Suddenly, I couldn’t see past the repetition of the phrase “nodded her head,” or all the adverbs I used to describe how my characters said what, or the fact that my main character was always jumping on and off his horse. I was ashamed of how little tension was present in what was meant to be a climactic scene. My inner editor demanded I go back and fix every mistake before finishing those last 3,000 words and resolving the conflict of my story. What was I going to do?
Experts say when this happens, you should get your butt out of your chair (le gasp!) and go for a walk. Read a book or take a break from writing so that your creative veins can expand and your Writing Thrombosis will ease. Ideas will flow more easily, new possibilities will arise. It is good advice.
But, I tried it, and it didn’t work. I knew where my story was going. I knew how my characters were acting (even if it wasn’t described in the most effective manner). My ideas were there, they just couldn’t get past the inner editor.
So, I purposely wrote a bad sentence:
The boy jumped on his horse and nodded his head.
My inner editor screamed at me. I almost deleted it. But instead, I wrote another:
“I’m going with or without you,” he said fiercely.
I think at that point, my inner editor fainted. And that was all it took. The next 3,000 words came easily again. Some of them were very good words. Some of them were okay words. And some of them were downright ugly.

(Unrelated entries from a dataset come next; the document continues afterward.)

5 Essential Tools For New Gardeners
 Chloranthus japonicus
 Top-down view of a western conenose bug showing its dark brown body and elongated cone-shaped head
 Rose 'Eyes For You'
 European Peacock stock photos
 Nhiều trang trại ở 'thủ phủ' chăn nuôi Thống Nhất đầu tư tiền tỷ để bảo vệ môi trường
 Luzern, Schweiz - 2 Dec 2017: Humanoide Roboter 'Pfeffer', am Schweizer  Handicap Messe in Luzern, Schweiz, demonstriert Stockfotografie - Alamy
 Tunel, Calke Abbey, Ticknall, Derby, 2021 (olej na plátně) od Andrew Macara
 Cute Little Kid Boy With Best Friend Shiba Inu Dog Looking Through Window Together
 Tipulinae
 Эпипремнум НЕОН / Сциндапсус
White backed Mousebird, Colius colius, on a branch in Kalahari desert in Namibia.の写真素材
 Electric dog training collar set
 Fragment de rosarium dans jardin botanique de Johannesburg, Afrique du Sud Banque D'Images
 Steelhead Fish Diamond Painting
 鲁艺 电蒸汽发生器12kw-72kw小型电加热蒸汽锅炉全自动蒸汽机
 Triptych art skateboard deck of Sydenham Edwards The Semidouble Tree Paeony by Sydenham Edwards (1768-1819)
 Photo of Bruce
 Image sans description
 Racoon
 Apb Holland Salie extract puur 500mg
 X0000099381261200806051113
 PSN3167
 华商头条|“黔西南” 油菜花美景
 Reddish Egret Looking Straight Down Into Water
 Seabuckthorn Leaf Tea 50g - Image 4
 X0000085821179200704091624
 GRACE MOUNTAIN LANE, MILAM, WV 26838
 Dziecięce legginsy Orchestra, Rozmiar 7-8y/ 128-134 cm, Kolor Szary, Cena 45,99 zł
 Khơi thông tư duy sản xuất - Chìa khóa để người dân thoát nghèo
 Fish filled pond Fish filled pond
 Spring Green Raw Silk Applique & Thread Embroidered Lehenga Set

Most importantly, by the end of the day, I had a completed manuscript. A first draft that could be revised over and over for repetitious words, vivid verbs, imagery, improving my POV, deepening characterization, adding tension… the list goes on. I have a lot of work to do before I am ready to share my story.
But I’m one step closer, and now I sleep a little easier, except for the new characters that keep jumping up to say, “Look at me! Look at me!”